Wine producers are looking to smaller markets like Canada for strong growth potential and better pricing, according to most recent Rabobank Wine Quarterly report.
Canada is an attractive export market, at a time when they are in short supply.
It is the sixth-largest wine importer and consumes about 480 million litres of wine per year, making it roughly one third the size of the UK market.
Yet unlike the UK, which has seen a slide on wine sales and profits, Canada is carrying momentum with consumption growing by 30% since 2006. Prices are also growing faster than volumes (dollar sales rose 8% in 2011, while volume growth was 5%).

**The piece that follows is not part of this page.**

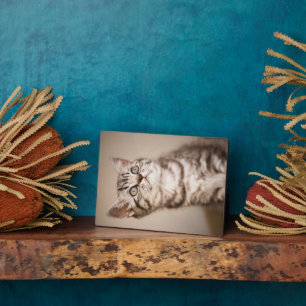 かわいいグレーのイギリス短髪の子猫(ブルー虎猫) フォトプラーク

Many exporters are able to attain prices in Canada that are well above their global averages. This is because Canada tends to import higher quality wines than many other markets and suppliers have to deal with state-run provincial retail monopolies that can require them to pay part of the marketing costs for their brands.
There is, however, at least one dark cloud for wineries as provincial Canadian governments are currently facing budget deficits and are looking for ways to close the gap.
Ontario, for example, has a CA$15 billion current account deficit (CAD) and as part of its reduction plan, the Ministry of Finance has suggested that the Liquor Control Board of Ontario (LCBO), should “use its purchasing power more effectively and improve its markup structure for setting retail prices”.
This would lead to a squeeze on margins for importers.
“On the whole, the Canadian market appears poised for continued growth in wine consumption, both in volume and value,” said Stephen Rannekleiv, executive director, Food and Agribusiness Research & Advisory at Rabobank.
“However, while growth is likely to continue, suppliers may soon begin to feel greater margin squeeze as global suppliers continue to look to the Canadian market in search of greener pastures and provincial monopolies are likely to apply greater pricing pressure.”
The Rabobank report also deals with international wine supply and according to the USDA total California wine grape production declined 7% in 2011, though the total grape crush was down only 3%, as more raisin and table grapes were crushed for wine.
The 2011 EU wine production was down roughly 2% compared to that of 2010 but with significant variation between regions. Production increases in France (11%), Germany (30%) and Hungary (38%), were offset by declining production in Italy (-14%), Spain (-2%) and Portugal (-17%).
The 2012 Australian and New Zealand wine harvest has experienced delays due to flooding and an unseasonably cool growing seasons.
In trade circles, France, Italy and Spain all registered healthy growth in exports in 2011, while Australia, and to a lesser degree Chile, saw notable declines.